Myvatn Lake, also known as midge lake, is located in northern Iceland and was formed 2300 years ago during a major volcanic eruption. Myvatn Lake and its surroundings are exceptionally rich in wildlife. The lake is vast, with small, green islands. In summer, it's the ideal place to observe dozens of species of birds which go there to nest. In fact, the warm waters of the lake are rich in nutrients that feed the insects, which attract the birds. Around the town, there are arid lava fields resembling deserts which contrast with the lake and its surrounding vegetation.
While in Myvatn, why not go to the Myvatn Nature Baths. This outdoor pool is similar to the Blue Lagoon, with its milky blue water heated by the earth, but it is less popular and less expensive. Remember to remove your jewellery and your wedding ring, the minerals in the water can corrode metals.
The Krafla volcano is a little elevated, it was very active in the 18th century. You can visit the Krafla geothermal power station. The facilities are impressive and inside you can watch a documentary on geothermal energy (in English only).
A little further away is Namafjall, it's a vast area where you can feel the activity of the earth under your feet. Indeed, in this brown ochre expanse, there are a multitude of bubbling mud pots, sulphur springs and sulphur fumaroles which spring from the earth in the form of white vapour.

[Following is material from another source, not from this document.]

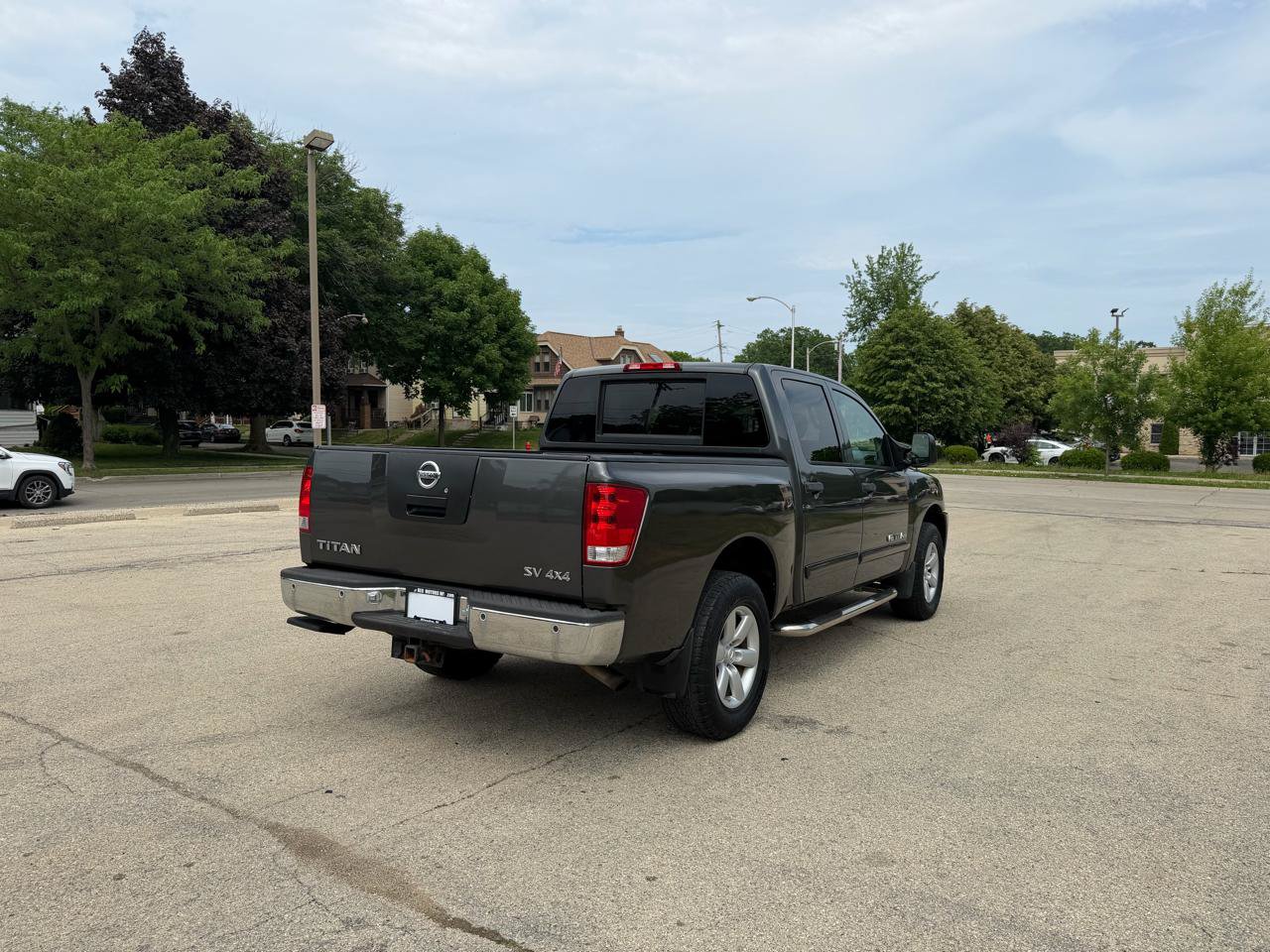 Used 2011 Nissan Titan SV w/ SV Premium Utility Pkg AWD/4WD image 7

Ropes define the paths because contact with extremely high temperatures is dangerous.
Continuing on the road from the car park, you arrive at the pseudo crater of Viti, with turquoise blue water in its centre. You can reach the summit of the crater in a good half hour walk, the panorama is well worth the effort of the climb with the Krafla volcano appearing in the distance.
A little further and you will find the caves of Grotagja and Storagja, inside which are hot springs. In the past, you could swim there, but the temperature of the water rose and now borders on 60°C, I only managed to set foot in there! As an anecdote, it was in these caves that scenes were filmed with Jon Snow and Ygritte for Game of Thrones.

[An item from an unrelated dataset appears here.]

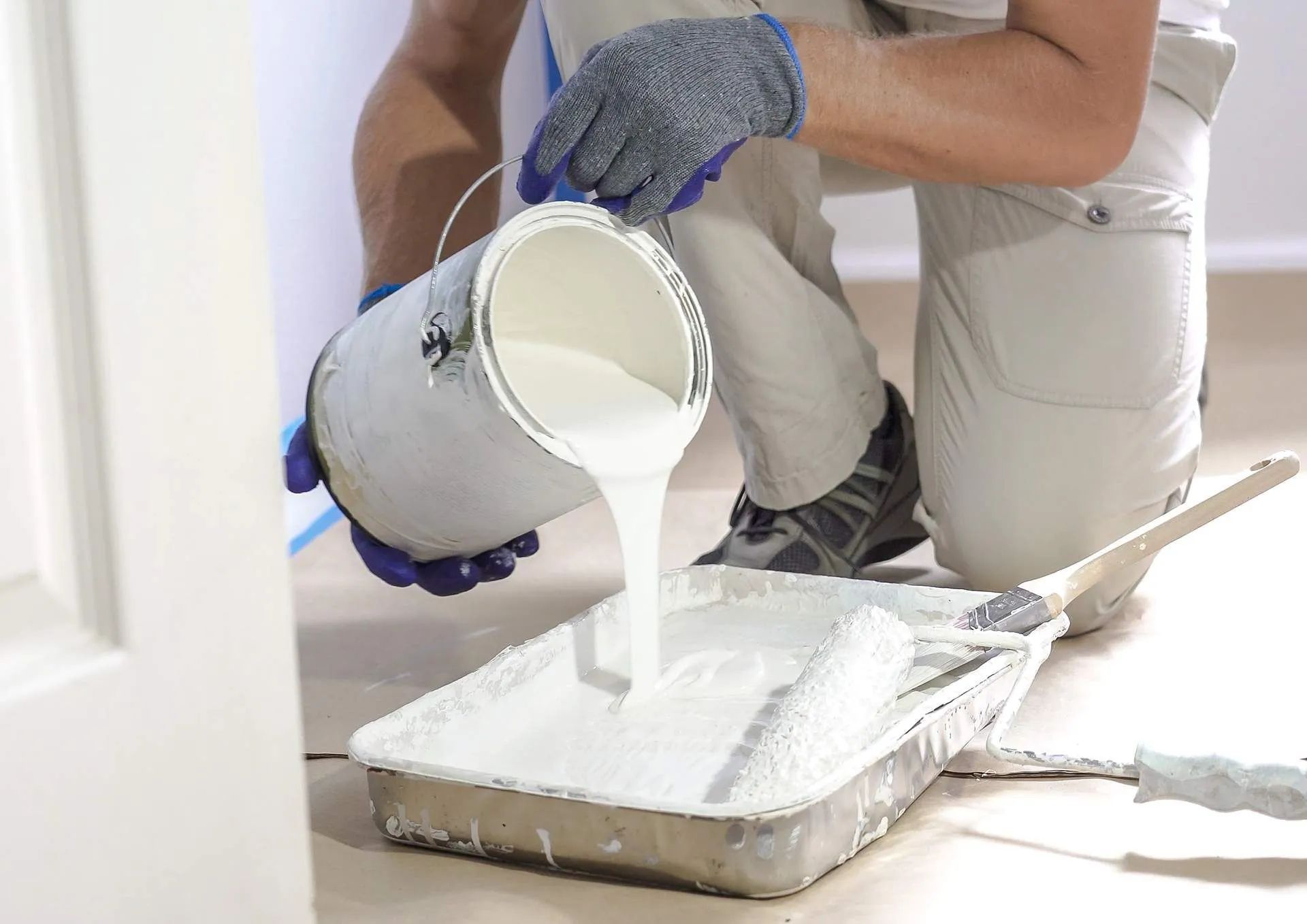 Person pours white paint into a tray while kneeling on a floor under renovation.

The rock formations of Dimmuborgir, dark and tall, are very impressive. There is even a huge natural arch formed by seismic activity in the region. For those who want to follow in the footsteps of Game of Thrones, scenes from the Wilding camp were filmed here.
During a journey in the north of the country, a stopover of several days around Myvatn seems inescapable to me. The imprint of volcanism is palpable in this region and has shaped the unique, sometimes chaotic landscapes.